Funding rates are periodic payments between long and short perp traders. They help keep a perpetual futures contract close to the price of the underlying asset, since perps do not have an expiry date.
Funding is one of the first mechanics every perp trader should understand because it can quietly add cost to a position that looks fine on price alone.
Who pays funding?
When a perp trades above the underlying index, long demand is usually stronger than short demand. Funding often becomes positive, which means longs pay shorts. When a perp trades below the index, funding often becomes negative, which means shorts pay longs.
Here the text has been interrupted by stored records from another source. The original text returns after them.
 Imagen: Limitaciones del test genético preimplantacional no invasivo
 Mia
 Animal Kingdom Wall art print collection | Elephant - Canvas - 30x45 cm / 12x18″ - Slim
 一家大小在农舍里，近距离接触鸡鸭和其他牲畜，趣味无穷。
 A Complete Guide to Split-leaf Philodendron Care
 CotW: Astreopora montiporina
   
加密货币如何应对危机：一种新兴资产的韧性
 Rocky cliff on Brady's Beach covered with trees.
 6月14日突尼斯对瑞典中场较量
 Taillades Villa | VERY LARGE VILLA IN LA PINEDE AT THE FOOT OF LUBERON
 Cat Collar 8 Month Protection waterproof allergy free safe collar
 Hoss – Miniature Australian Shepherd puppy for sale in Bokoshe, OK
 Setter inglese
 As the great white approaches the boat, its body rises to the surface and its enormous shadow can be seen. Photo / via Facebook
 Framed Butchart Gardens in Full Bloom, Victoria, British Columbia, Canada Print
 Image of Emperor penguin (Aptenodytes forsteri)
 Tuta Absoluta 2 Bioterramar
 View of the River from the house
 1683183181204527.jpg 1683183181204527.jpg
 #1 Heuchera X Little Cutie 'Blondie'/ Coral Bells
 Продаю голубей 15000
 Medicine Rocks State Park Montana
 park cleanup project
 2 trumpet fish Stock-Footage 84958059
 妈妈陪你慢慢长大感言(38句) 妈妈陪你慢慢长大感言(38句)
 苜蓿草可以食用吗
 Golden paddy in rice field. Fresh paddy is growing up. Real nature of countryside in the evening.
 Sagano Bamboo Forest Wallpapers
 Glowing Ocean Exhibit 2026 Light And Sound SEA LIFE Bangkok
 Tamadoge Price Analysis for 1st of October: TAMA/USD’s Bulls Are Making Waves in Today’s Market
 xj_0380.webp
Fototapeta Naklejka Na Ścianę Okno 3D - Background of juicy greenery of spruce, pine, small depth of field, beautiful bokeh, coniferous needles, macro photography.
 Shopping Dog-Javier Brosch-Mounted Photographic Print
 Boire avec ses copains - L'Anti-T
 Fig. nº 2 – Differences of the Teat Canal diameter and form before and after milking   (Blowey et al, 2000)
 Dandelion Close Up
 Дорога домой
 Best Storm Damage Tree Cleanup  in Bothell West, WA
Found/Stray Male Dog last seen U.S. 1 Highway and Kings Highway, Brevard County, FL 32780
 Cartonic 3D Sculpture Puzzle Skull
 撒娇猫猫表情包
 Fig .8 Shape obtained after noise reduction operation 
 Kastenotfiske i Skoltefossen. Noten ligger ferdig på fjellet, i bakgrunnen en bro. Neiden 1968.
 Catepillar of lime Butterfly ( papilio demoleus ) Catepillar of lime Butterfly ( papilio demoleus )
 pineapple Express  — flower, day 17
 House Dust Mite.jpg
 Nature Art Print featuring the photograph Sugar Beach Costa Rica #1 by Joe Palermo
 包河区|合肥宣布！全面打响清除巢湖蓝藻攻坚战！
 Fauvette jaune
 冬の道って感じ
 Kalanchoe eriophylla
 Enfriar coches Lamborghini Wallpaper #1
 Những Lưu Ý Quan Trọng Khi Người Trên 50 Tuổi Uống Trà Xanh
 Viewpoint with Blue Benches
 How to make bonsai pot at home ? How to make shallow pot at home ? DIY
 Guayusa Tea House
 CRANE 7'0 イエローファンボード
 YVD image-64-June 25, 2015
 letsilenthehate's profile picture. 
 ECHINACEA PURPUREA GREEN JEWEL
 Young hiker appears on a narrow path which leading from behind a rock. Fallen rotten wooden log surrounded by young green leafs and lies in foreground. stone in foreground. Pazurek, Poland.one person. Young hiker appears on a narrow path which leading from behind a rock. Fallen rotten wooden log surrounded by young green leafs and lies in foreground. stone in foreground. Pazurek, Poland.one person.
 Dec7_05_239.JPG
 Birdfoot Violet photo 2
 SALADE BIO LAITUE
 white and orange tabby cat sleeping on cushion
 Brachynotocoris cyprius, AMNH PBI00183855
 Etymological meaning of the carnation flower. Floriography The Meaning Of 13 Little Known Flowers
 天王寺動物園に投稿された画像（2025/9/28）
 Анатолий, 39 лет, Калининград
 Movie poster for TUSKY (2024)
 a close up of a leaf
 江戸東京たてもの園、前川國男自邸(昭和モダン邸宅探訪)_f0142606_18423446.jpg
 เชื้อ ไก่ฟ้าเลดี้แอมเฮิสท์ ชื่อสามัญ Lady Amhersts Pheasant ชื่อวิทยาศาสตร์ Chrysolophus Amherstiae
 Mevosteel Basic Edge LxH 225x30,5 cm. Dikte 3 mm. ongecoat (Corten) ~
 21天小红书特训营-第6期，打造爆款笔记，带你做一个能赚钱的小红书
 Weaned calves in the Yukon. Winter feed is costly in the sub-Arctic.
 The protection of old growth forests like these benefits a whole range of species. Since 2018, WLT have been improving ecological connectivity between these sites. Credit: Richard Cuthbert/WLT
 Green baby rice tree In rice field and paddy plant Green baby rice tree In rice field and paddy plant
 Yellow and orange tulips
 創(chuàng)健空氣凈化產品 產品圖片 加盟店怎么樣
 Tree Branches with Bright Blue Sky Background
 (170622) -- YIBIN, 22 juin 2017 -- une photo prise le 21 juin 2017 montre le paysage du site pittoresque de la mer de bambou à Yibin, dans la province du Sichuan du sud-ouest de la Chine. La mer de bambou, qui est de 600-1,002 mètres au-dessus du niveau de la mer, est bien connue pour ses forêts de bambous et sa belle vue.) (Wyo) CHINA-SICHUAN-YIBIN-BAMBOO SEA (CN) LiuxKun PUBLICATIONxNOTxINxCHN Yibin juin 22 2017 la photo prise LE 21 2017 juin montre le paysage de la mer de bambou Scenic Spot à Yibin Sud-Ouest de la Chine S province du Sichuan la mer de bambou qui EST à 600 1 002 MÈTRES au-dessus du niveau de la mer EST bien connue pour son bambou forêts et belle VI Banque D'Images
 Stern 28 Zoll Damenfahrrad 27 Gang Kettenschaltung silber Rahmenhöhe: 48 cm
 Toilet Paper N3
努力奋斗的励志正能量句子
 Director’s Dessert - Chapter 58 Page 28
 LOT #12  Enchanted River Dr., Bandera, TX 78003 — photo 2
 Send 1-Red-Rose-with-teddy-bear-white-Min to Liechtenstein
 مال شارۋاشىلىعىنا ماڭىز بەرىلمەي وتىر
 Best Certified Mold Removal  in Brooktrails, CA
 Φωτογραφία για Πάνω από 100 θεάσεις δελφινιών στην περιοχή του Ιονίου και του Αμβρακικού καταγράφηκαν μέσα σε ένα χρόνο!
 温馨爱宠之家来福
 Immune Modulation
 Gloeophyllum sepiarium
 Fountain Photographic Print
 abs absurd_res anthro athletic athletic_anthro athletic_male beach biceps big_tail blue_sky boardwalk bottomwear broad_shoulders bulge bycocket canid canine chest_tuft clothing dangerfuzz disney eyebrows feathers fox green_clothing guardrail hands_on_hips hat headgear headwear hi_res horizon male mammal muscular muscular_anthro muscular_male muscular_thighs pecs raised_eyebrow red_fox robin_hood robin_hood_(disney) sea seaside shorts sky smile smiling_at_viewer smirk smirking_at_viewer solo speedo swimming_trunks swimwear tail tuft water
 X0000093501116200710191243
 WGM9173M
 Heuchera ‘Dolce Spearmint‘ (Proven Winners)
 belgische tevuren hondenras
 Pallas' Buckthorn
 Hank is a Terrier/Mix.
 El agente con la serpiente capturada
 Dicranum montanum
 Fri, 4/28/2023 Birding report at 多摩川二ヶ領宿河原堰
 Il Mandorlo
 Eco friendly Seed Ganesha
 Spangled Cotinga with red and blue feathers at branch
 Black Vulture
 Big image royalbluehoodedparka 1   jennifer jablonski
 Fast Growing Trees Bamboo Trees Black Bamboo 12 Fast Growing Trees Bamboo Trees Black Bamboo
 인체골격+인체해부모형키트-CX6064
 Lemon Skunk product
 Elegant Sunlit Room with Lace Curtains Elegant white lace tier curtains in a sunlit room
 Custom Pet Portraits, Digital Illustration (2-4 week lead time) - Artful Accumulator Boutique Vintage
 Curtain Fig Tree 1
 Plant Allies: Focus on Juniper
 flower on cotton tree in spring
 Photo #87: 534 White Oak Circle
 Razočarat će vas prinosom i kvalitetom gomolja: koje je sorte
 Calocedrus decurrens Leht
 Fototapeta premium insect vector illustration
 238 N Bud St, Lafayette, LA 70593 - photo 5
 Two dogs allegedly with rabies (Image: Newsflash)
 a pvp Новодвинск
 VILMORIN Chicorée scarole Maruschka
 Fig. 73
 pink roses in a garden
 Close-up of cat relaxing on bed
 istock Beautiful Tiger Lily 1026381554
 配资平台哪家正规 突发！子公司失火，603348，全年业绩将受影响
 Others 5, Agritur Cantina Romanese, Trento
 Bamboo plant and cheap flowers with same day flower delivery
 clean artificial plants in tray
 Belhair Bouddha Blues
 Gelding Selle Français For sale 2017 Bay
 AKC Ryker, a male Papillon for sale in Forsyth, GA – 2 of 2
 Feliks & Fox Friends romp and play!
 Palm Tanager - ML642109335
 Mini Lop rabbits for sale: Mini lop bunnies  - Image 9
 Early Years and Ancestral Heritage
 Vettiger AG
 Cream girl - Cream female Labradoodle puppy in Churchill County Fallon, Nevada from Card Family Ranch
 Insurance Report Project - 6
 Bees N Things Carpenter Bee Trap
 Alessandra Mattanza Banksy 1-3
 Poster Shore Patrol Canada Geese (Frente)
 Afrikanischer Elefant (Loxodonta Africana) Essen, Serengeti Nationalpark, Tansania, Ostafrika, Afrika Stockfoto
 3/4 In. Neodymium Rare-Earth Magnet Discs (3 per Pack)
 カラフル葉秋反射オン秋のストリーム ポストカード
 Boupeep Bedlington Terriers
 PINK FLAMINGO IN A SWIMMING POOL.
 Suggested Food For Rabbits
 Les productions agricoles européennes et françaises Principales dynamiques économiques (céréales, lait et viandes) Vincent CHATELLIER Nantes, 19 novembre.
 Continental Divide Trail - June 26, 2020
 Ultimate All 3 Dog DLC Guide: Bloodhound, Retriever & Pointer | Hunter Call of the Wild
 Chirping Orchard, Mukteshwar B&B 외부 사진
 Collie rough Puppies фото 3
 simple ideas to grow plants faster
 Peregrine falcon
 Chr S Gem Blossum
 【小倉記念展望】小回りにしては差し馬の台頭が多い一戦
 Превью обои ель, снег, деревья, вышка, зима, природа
The venue typically routes funding between traders. It is not the same thing as a trading fee.
Why funding exists
Traditional futures converge with spot because they expire. Perps do not expire, so funding creates an economic incentive for the contract to stay near the underlying price. Expensive positive funding can attract shorts and discourage new longs. Expensive negative funding can attract longs and discourage new shorts.
Funding can change
Funding is not fixed. It can flip from positive to negative as market positioning changes. During a crowded meme coin rally, longs may pay high funding. During a panic dump, shorts may pay high funding.
If you hold a position for multiple funding intervals, those payments can add up.
How to use funding as context
- High positive funding can mean longs are crowded.
- High negative funding can mean shorts are crowded.
- Funding alone is not a trade signal.
- Always compare funding cost with your expected trade duration.
A short-term scalp may barely notice funding. A multi-day leveraged position can feel it.
Risk note: Funding can change your PnL even if the market price barely moves. This article is educational content, not financial advice.